> _RECORDS TO PROCESS_:
* * * * *
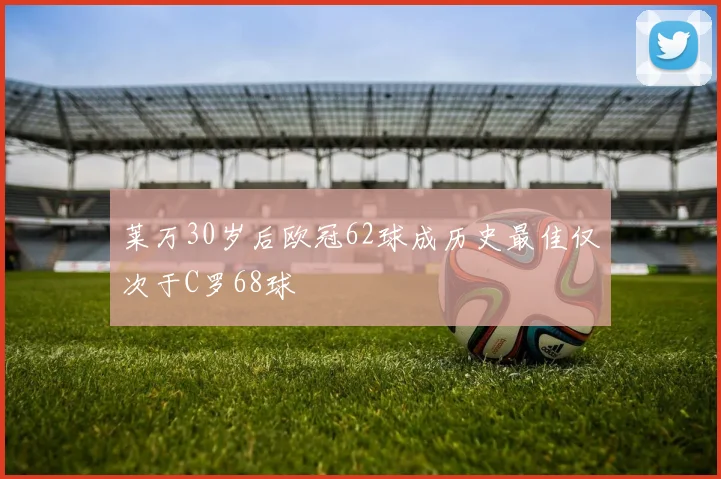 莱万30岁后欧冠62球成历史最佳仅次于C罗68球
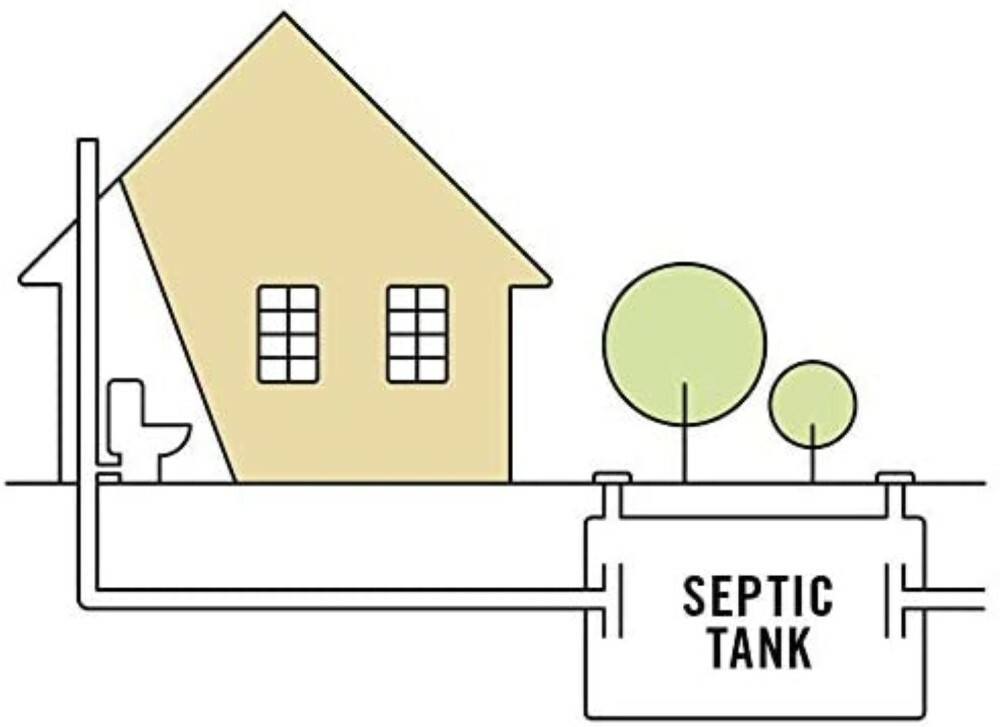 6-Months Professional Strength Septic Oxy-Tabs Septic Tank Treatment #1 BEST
* * * * *
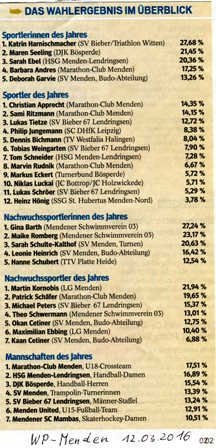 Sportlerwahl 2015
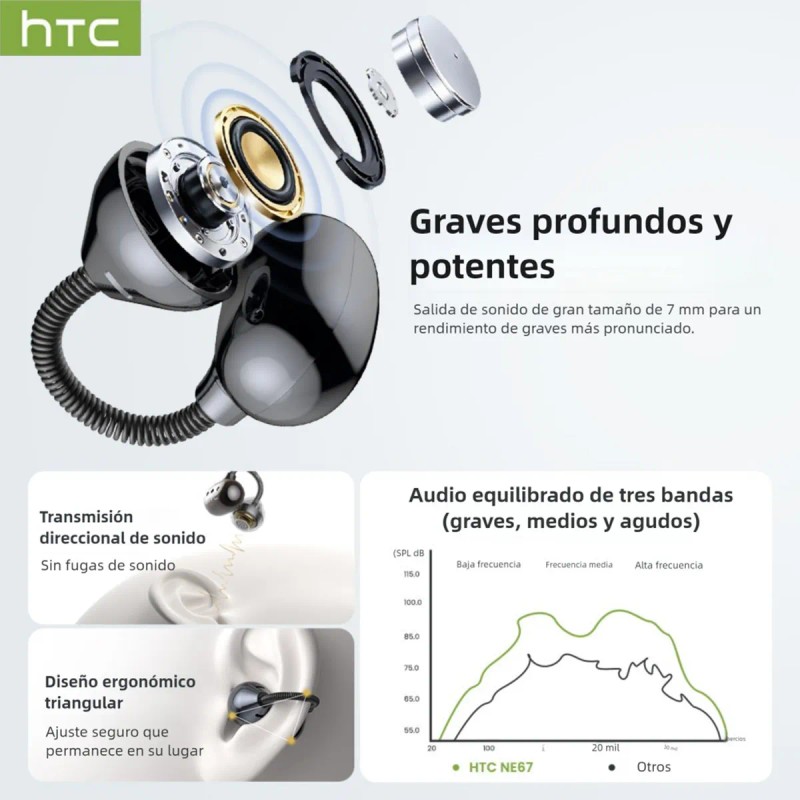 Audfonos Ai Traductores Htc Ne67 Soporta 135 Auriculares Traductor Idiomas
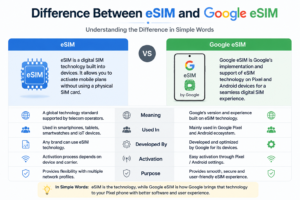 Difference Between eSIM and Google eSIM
* * * * *
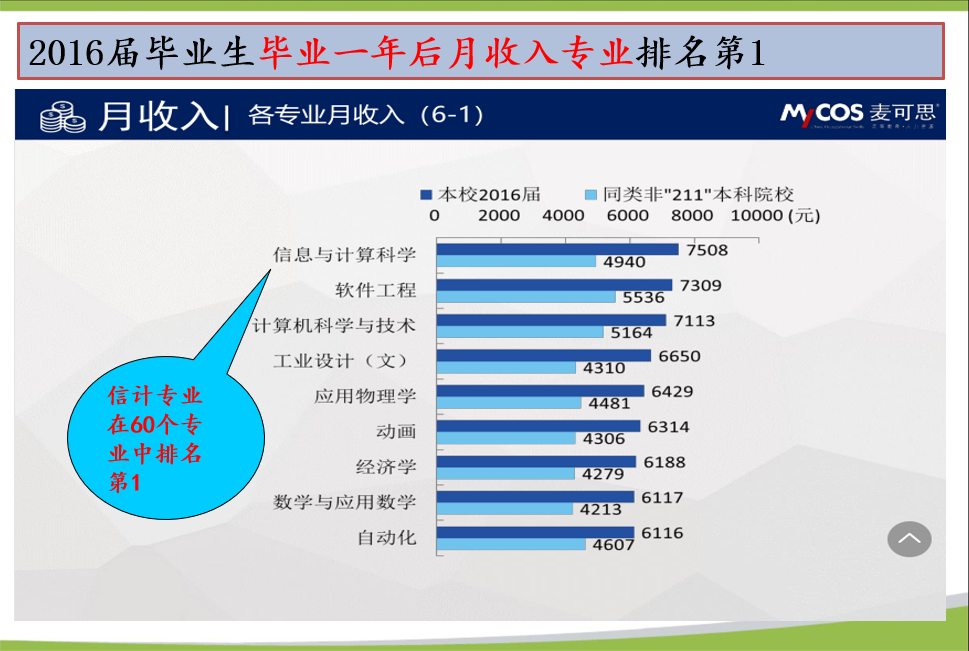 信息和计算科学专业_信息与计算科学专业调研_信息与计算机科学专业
* * * * *
> _TASK DIRECTIONS_:
Exactly the lines above from the one that contains "Sportlerwahl 2015" down to the one that contains "Difference Between eSIM and Google eSIM" are to be output, both ends kept and pictures omitted.

> _ANSWER TO THIS PROBLEM_:
 Sportlerwahl 2015
 Audfonos Ai Traductores Htc Ne67 Soporta 135 Auriculares Traductor Idiomas
 Difference Between eSIM and Google eSIM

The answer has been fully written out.